The allegation was raised by Washington-based journalist Ron Suskind in a new book, "The Way of the World," published Tuesday. The letter supposedly was written by Tahir Jalil Habbush al-Tikriti, director of Iraqi intelligence under Saddam Hussein.
"The White House had concocted a fake letter from Habbush to Saddam, backdated to July 1, 2001," Suskind wrote. "It said that 9/11 ringleader Mohammad Atta had actually trained for his mission in Iraq thus showing, finally, that there was an operational link between Saddam and al Qaeda, something the vice-president's office had been pressing CIA to prove since 9/11 as a justification to invade Iraq. There is no link."
Suskind said the letter's existence had been reported before, and that it had been treated as if it were genuine.

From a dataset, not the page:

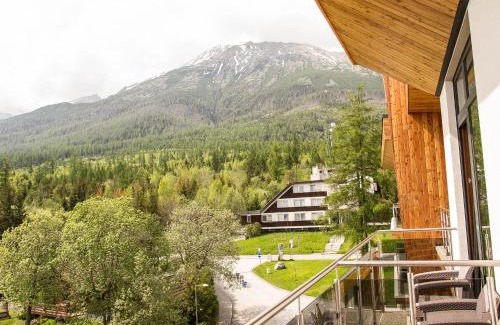 Vysoke Tatry Apartment | Oceanfront Hotelový apartmán ALFRED C406 - Rated 9.6/10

Denying the report, White House deputy press secretary Tony Fratto said, "The notion that the White House directed anyone to forge a letter from Habbush to Saddam Hussein is absurd."
Fratto and former CIA director George Tenet also rejected Suskind's allegation that the U.S. had credible intelligence, before the 2003 invasion of Iraq, that Saddam did not possess weapons of mass destruction. It was supposedly British intelligence, based on information from a senior Iraqi official.
Fratto said U.S. and other intelligence agencies believed Saddam harboured such weapons and that Saddam had tried to make his neighbours believe he had them. In the end, no such weapons were found, undercutting Bush's main reason to go to war.
"We know now that those estimates were wrong, but they were the estimates we all relied on," Fratto said. "Regardless, military force in Iraq was used because Saddam Hussein defiantly failed to comply with the 17 UN Security Council resolutions Iraq was subject to."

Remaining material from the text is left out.